E quando devi andartene in giro per l’Italia o all’estero, come fai?

"Per quello ci sono i miei colleghi. Anzi, colgo l’occasione per ringraziarli. Spesso si fanno in quattro per accontentarmi e darmi una mano".

E allora, cara Paola, mi sa che l’unica a correre non sei soltanto tu…

Paola Sanna, 38 anni, bergamasca. Specializzata in ultramaratona. Nel tuo Curriculum Vitae c’è pure la vittoria della 100 km più famosa al mondo, il Passatore. Nel 2005 prima e nel 2007 poi. Gli inizi, però, non sono stati dei più semplici…

"E’ merito di papà se ho deciso di intraprendere questa strada. E’ lui che mi ha sempre allenata e invogliata a correre. Prima le avevo provate un po’ tutte: nuoto, palestra, calcio femminile (giocava da centravanti n.d.r.)… Ma anche gli inizi in pista, sui 200 e i 400 metri, non sono stati dei più semplici. La svolta avvenne quando cominciai a gareggiare su percorsi più lunghi, tipo gli 800 metri".

E lì, che successe?

"Le gambe giravano e la stanchezza non era più quella delle gare di velocità. Notai subito la differenza e i risultati, piano piano, cominciarono ad arrivare".

Mica tanto piano piano. Nel 1999 corri la tua prima mezza maratona a Bergamo e sei anni dopo ti classifichi prima alla 100 km del Passatore. Raccontaci un po’ la tua carriera…

"I primi successi sono arrivati nel 2003, quando sono diventata campionessa italiana della 100 km in pista e ho vinto l’argento mondiale assoluto e l’oro a squadre femminile ai mondiali di Taiwan. Poi nel 2004 ho vinto la 50 km di San Remo e l’anno successivo la 100 km del Passatore. Nel 2006 e nel 2007 mi sono laureata campionessa italiana nella 6h su strada e nel 2009 campionessa italiana della 100 km su strada. E poi campionessa italiana della 50 km e della 50 km in salita e due volte campionessa del circuito running più importante d’Italia, The R.U.N. e Gazzetta R.U.N.".

Complimenti, niente male. Tra i tanti, qual’è stato il momento che ricordi con maggior orgoglio ed emozione?

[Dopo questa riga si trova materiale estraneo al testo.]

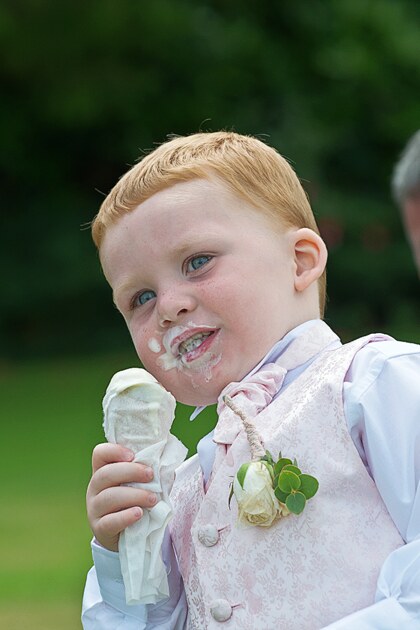 ice cream for the wedding guests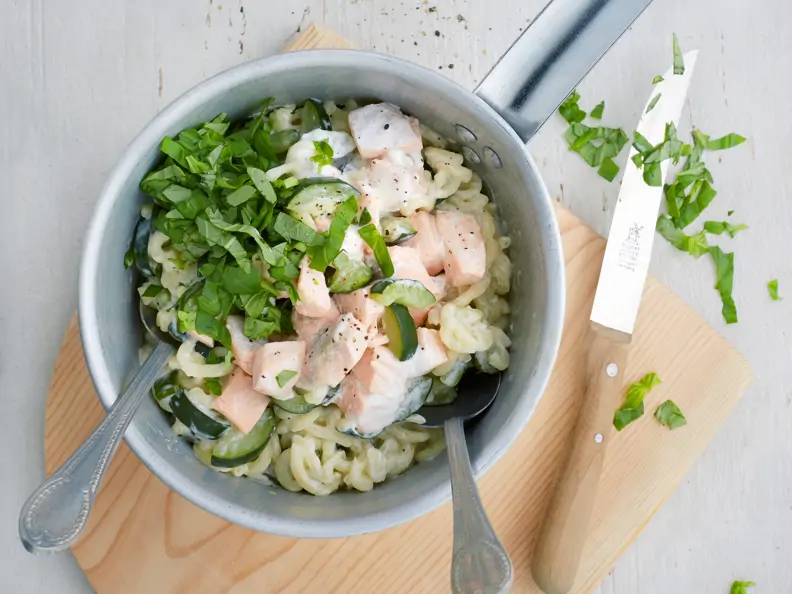 One-Pot-Pasta mit Lachs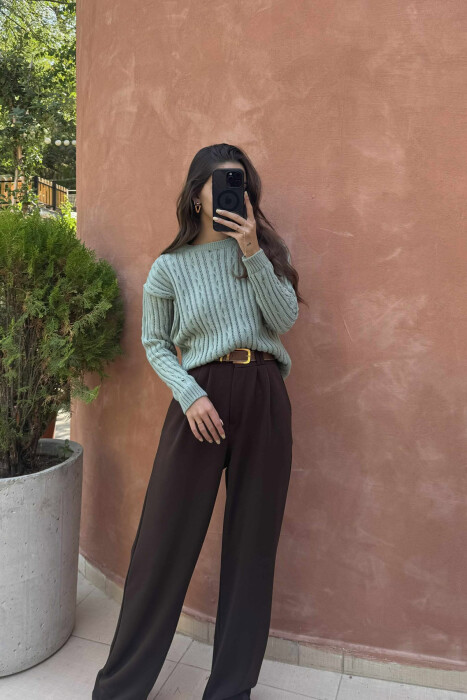 TRIKO E THURUR ME JAKË TË RRUMBULLAKËT PËR FEMRA NË NGJYRËN MENTE - 3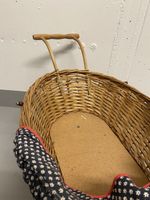 Puppenkinderwagen aus Bast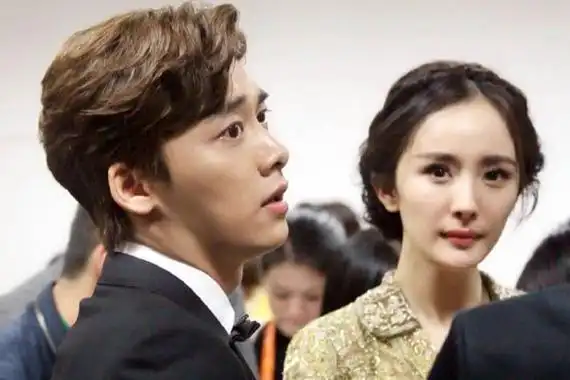 杨幂李易峰怀孕事件实锤了吗粉丝不愿意两家扯上关系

"La vittoria del Passatore nel 2005. Mio padre la considera la gara per eccellenza. Probabilmente è stato il momento più alto della mia carriera, un’emozione unica e irripetibile".

Unica ed irripetibile fino al 2007…

"Sì, anche il bis non è stato niente male, devo ammetterlo".

E dei mondiali di Taiwan, che ci racconti?

"Ricordo tutto di Taiwan. In primis, l’emozione di aver raggiunto un traguardo così importante con i colori della Nazionale. A pochi metri dal traguardo presi la bandiera tricolore e la misi rabbiosamente al collo. Piangevo per la gioia. Avevo battuto la campionessa del mondo dell’anno precedente, la russa Elvira Kolpakova, e ancora non ci credevo. Ma non è tutto oro quel che luccica. Ricordo anche la povertà di quel paese. I bambini per strada, la miseria, la sporcizia… Noi atleti vivevamo in una campana di vetro. Il mondo che ci accolse non era quello che ci circondava. Eravamo dei privilegiati".

Del passato abbiamo parlato, del presente che ci racconti?

"Recentemente ho corso due gare. Una nell’Alto Adige e una a Franciacorta. Nella mezza maratona dell’Alpe di Siusi mi sono piazzata al quarto posto e al primo nella classifica di categoria F35; mentre nella maratona a tappe della Franciacorta ho chiuso al secondo posto alle spalle di Monica Seraghiti. E’ stata una gran bella sfacchinata".

Propositi per il futuro?

"Vorrei continuare a correre, quello sicuro. Mi piacerebbe partecipare a qualche gara, specialmente in Toscana se possibile. E magari avere dei figli".

Cosa significa per te ‘correre’?

"Bella domanda… Non lo so, so solo che fa parte di me. Può essere che un giorno salti un allenamento per cause di forza maggiore, ma è davvero raro. Sarebbe come saltare un pasto o privarsi di qualcosa di assolutamente naturale e necessario. Per quanto mi riguarda, almeno".

Lo sport che pratichi è destinato a rimanere uno sport di nicchia?

"Altra bella domanda… Sì, a malincuore credo proprio di sì. Non ci sono abbastanza soldi, pubblico e interessi attorno a quel che facciamo. Ma del resto, basta guardarsi attorno. Un calciatore come può Totti o Del Piero è conosciuto in ogni angolo del mondo; un corridore che magari abita nella tua stessa città o nel tuo stesso palazzo non sai nemmeno che esista. Ecco perché anche una semplice intervista può essere motivo di grande orgoglio e soddisfazione…

D’accordo Paola, ma se adesso ti riconoscono quando esci a correre per le vie di Città Alta, non dare la colpa a noi!